El genio y la carroña
Las peores pulsiones se pueden sublimar para hacer con ellas algo provechoso
Espiar por una cerradura la intimidad de alguien, más si se trata de un creador importante, no deja de ser un acto repulsivo y fascinante, las dos cosas al mismo tiempo. Lo podemos hacer con la conciencia tranquila cuando el tiempo ha hecho su labor y el artista en cuestión se ha desmaterializado y convertido en mito, casi en una figura tan ficticia como los personajes de sus cuadros o novelas. Sólo entonces sus cartas o diarios, esas páginas en las que volcó odios y pasiones, mezquindades o retorcimientos sexuales, dejan de ser chismografía y se convierten en una fuente riquísima de información para sus exégetas y lectores.
Es lo que ocurre con las cartas de James Joyce (las enviadas entre 19001920) que Diego Garrido acaba de traducir para Páginas de Espuma. Al sumergirnos en ese material, que por momentos es rutinario y por momentos salvaje, el personaje que estaba momificado en el panteón del genio regresa al bar de la esquina. El Joyce de estas cartas es un aspirante a artista perseguido por el hambre, el rencor y deseos sexuales perturbadores, de extravagancia repulsiva, que recuerda un hecho capital. De eso también están hechos los grandes artistas. De deseos oscurísimos (marrones, en el caso de Joyce), de inquinas irracionales que se convierten en sentencias u obsesiones vitales, de una materia dudosa que de alguna manera encuentra un camino de expresión fértil en su creaciones.

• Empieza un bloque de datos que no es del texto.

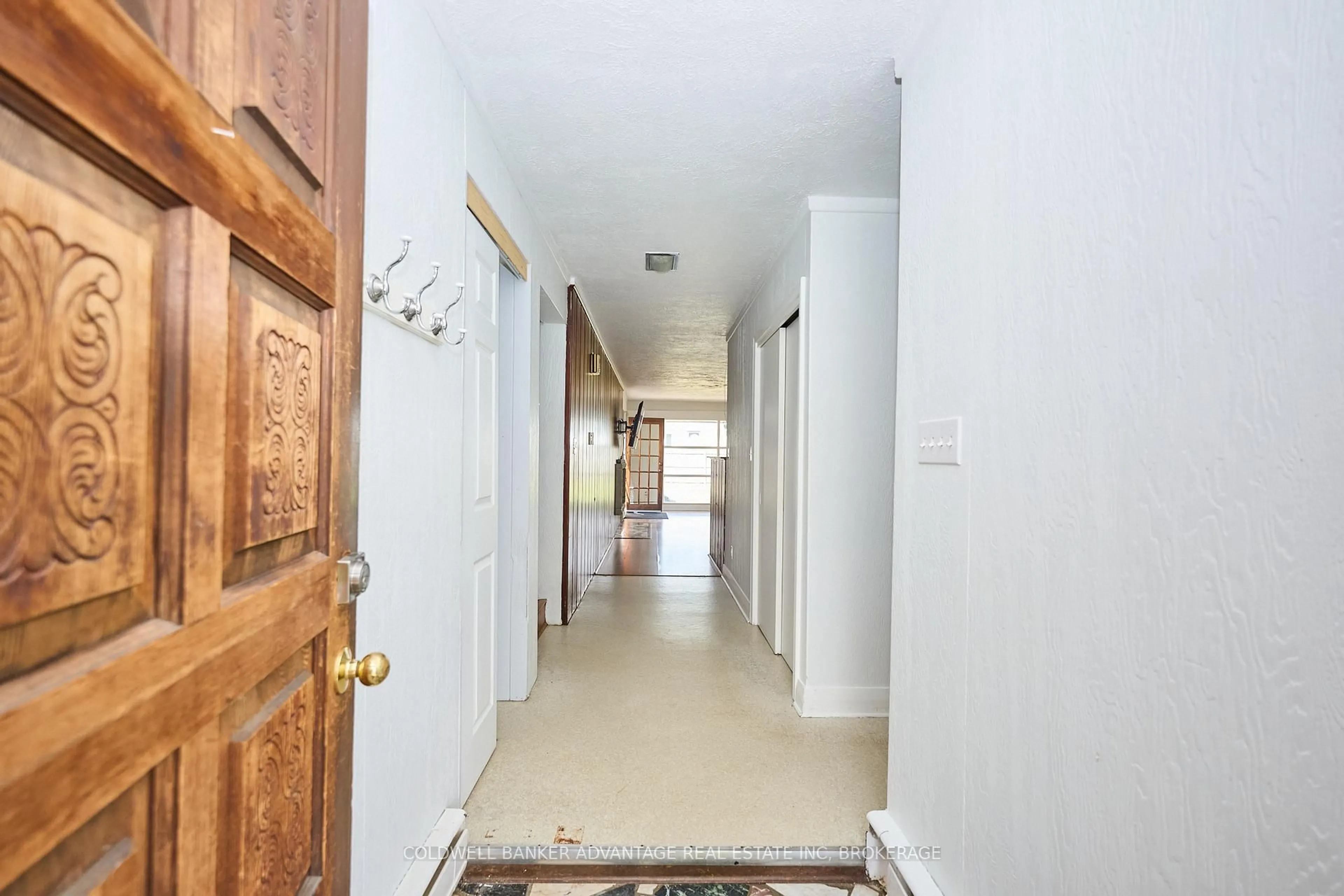 Indoor foyer for 184 Price Ave, Welland Ontario L3C 3Y6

Otro genio que rozó las alturas de Joyce, Neruda, dejó confesiones vergonzosas en sus memorias y bajó al fango para vapulear con versos insultantes a los otros dos grandes poetas chilenos, Vicente Huidobro y Pablo de Rokha, con los que tuvo una rivalidad visceral y enfermiza. Escritores cuyas obras se acercan a la perfección estuvieron en contacto estrecho con su opuesto, la putrefacción y la mierda. En eso, sospecho, Freud tenía razón. Las peores pulsiones se pueden sublimar para hacer con ellas algo provechoso. Nada puede ser más esperanzador: al ser humano su parte oscura no necesariamente lo condena. A veces lo redime. A veces, incluso, acaba procurando belleza y felicidad a los demás.